View pairs plot of summary statistics, for Big G only (limit to one little g site to avoid pseudo replication):

Code

myplot <- ggpairs(dat_wb2 %>% filter(site_name == "Avery Brook") %>% select(mindate, yield_big_cumul_log, yield_big_mean_log, yield_big_q10_log, yield_big_q50_log, yield_big_q90_log))
rctib <- tibble(r = c(3,4,4,5,5,5,6,6,6,6),
                c = c(2,2,3,2,3,4,2,3,4,5))
for (i in 1:nrow(rctib)) {
  myplot[rctib$r[i], rctib$c[i]] <- myplot[rctib$r[i], rctib$c[i]] + geom_abline(intercept = 0, slope = 1, color = "red")
}
myplot

9.2.6 Plot gG relationships

Code

p1 <- dat_wb2 %>% 
  ggplot(aes(x = yield_big_cumul_log, y = yield_little_cumul_log, group = site_name, color = site_name)) + 
  geom_point(alpha = 0.25) + geom_abline(intercept = 0, slope = 1, linetype = "dashed") + 
  geom_smooth(method = "lm", se = F) + theme(legend.position="none")

p2 <- dat_wb2 %>% 
  ggplot(aes(x = yield_big_mean_log, y = yield_little_mean_log, group = site_name, color = site_name)) + 
  geom_point(alpha = 0.25) + geom_abline(intercept = 0, slope = 1, linetype = "dashed") + 
  geom_smooth(method = "lm", se = F) + theme(legend.position="none")

p3 <- dat_wb2 %>% 
  ggplot(aes(x = yield_big_q10_log, y = yield_little_q10_log, group = site_name, color = site_name)) + 
  geom_point(alpha = 0.25) + geom_abline(intercept = 0, slope = 1, linetype = "dashed") + 
  geom_smooth(method = "lm", se = F) + theme(legend.position="none")

p4 <- dat_wb2 %>% 
  ggplot(aes(x = yield_big_q50_log, y = yield_little_q50_log, group = site_name, color = site_name)) + 
  geom_point(alpha = 0.25) + geom_abline(intercept = 0, slope = 1, linetype = "dashed") + 
  geom_smooth(method = "lm", se = F) + theme(legend.position="none")

p5 <- dat_wb2 %>% 
  ggplot(aes(x = yield_big_q90_log, y = yield_little_q90_log, group = site_name, color = site_name)) + 
  geom_point(alpha = 0.25) + geom_abline(intercept = 0, slope = 1, linetype = "dashed") + 
  geom_smooth(method = "lm", se = F) + theme(legend.position="none")
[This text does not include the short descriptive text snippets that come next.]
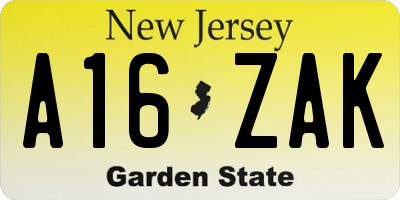 NJ license plate A16ZAK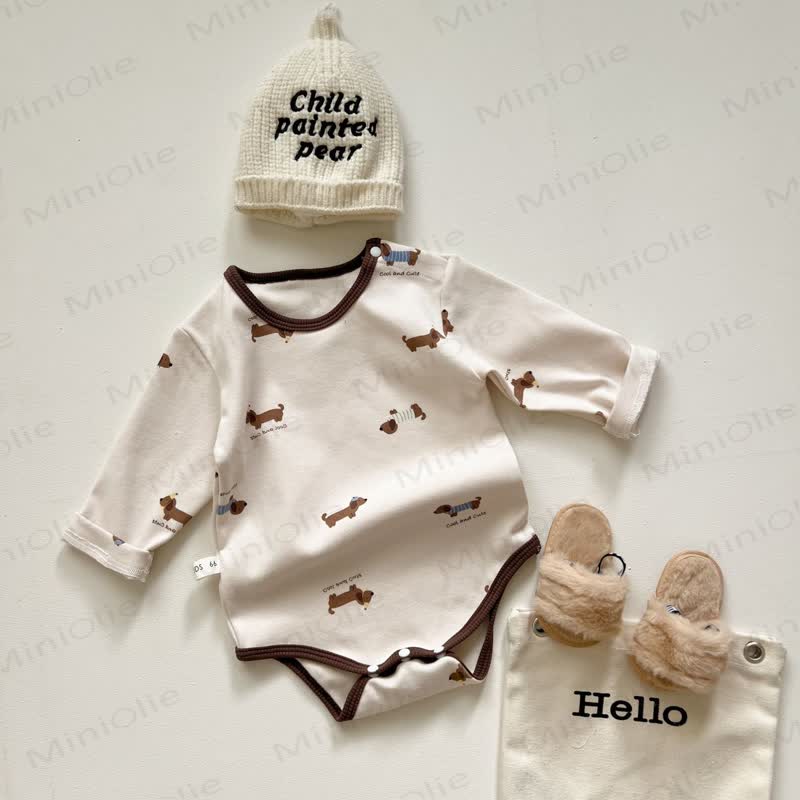 Body e leggings con fiocco a pois marroni per neonato - Tutina per cani - 18-24 mesi - image 6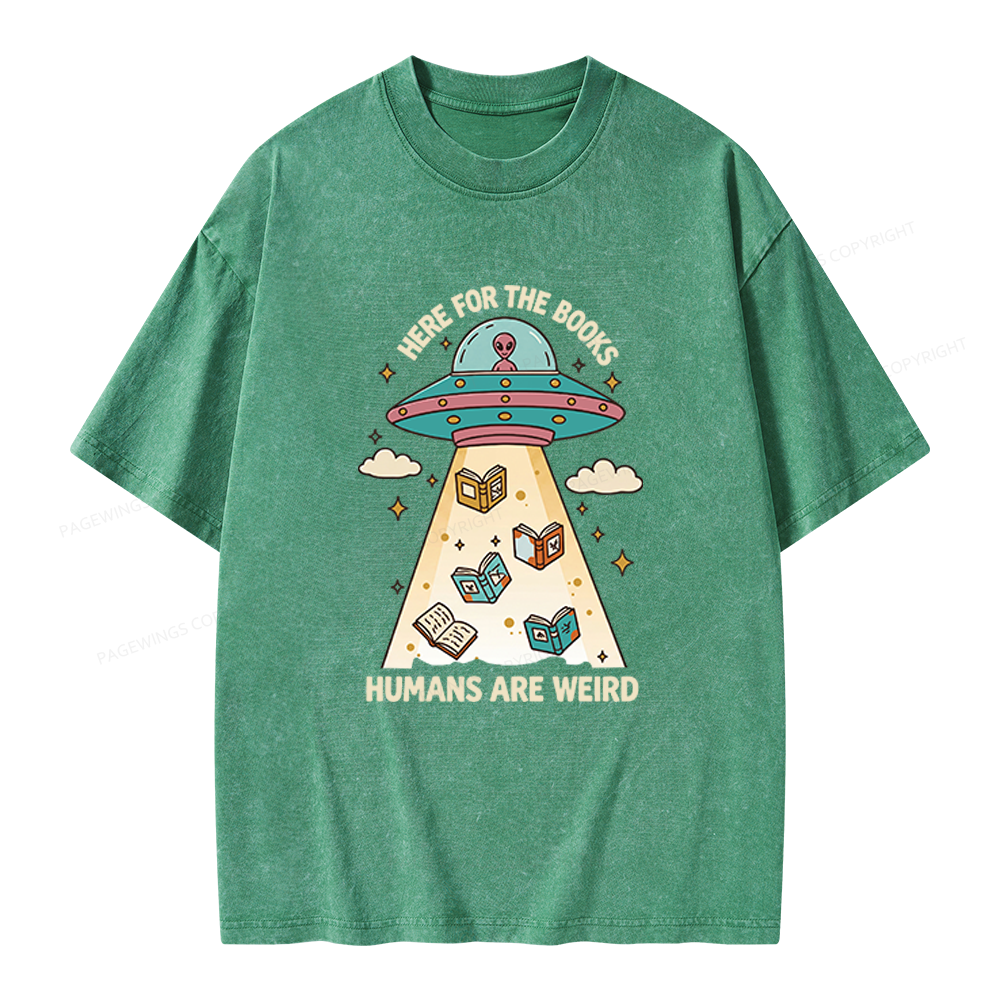 Pagewings Here For The Books Unisex Washed T-shirt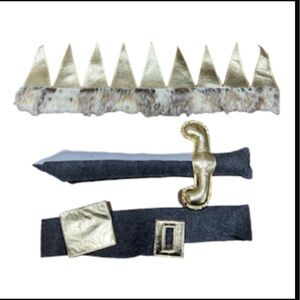 Faux Fur Prince Crown Metallic Sword Belt Felt Costume Halloween Book Parade 80s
ggarrange(p1, p2, p3, p4, p5, nrow = 2, ncol = 3)

Relationship between yield at Big G and yield at little g, summarized during event/non-event periods with five different metrics.

View relationship between Big G and little g, color by event/non-event, facet by site. For most sites (except may Obear Brook), G-g relationships are identical between events and non-event.

Code

myplotlist <- list()
# cumulative 
myplotlist[[1]] <- dat_wb2 %>% 
  mutate(isevent = dplyr::recode(isevent, "1" = "Event", "2" = "Baseflow")) %>% 
  ggplot(aes(x = yield_big_cumul_log, y = yield_little_cumul_log, group = isevent, color = isevent)) + 
  geom_point(alpha = 0.5) + geom_abline(intercept = 0, slope = 1, linetype = "dashed") + 
  geom_smooth(method = "lm") + facet_wrap(~site_name)
# mean
myplotlist[[2]] <- dat_wb2 %>% 
  mutate(isevent = dplyr::recode(isevent, "1" = "Event", "2" = "Baseflow")) %>% 
  ggplot(aes(x = yield_big_mean_log, y = yield_little_mean_log, group = isevent, color = isevent)) + 
  geom_point(alpha = 0.5) + geom_abline(intercept = 0, slope = 1, linetype = "dashed") + 
  geom_smooth(method = "lm") + facet_wrap(~site_name)
# 10% quantile
myplotlist[[3]] <- dat_wb2 %>% 
  mutate(isevent = dplyr::recode(isevent, "1" = "Event", "2" = "Baseflow")) %>% 
  ggplot(aes(x = yield_big_q10_log, y = yield_little_q10_log, group = isevent, color = isevent)) + 
  geom_point(alpha = 0.5) + geom_abline(intercept = 0, slope = 1, linetype = "dashed") + 
  geom_smooth(method = "lm") + facet_wrap(~site_name)
# 50% quantile
myplotlist[[4]] <- dat_wb2 %>% 
  mutate(isevent = dplyr::recode(isevent, "1" = "Event", "2" = "Baseflow")) %>% 
  ggplot(aes(x = yield_big_q50_log, y = yield_little_q50_log, group = isevent, color = isevent)) + 
  geom_point(alpha = 0.5) + geom_abline(intercept = 0, slope = 1, linetype = "dashed") + 
  geom_smooth(method = "lm") + facet_wrap(~site_name)
# 90% quantile
myplotlist[[5]] <- dat_wb2 %>% 
  mutate(isevent = dplyr::recode(isevent, "1" = "Event", "2" = "Baseflow")) %>% 
  ggplot(aes(x = yield_big_q90_log, y = yield_little_q90_log, group = isevent, color = isevent)) + 
  geom_point(alpha = 0.5) + geom_abline(intercept = 0, slope = 1, linetype = "dashed") + 
  geom_smooth(method = "lm") + facet_wrap(~site_name)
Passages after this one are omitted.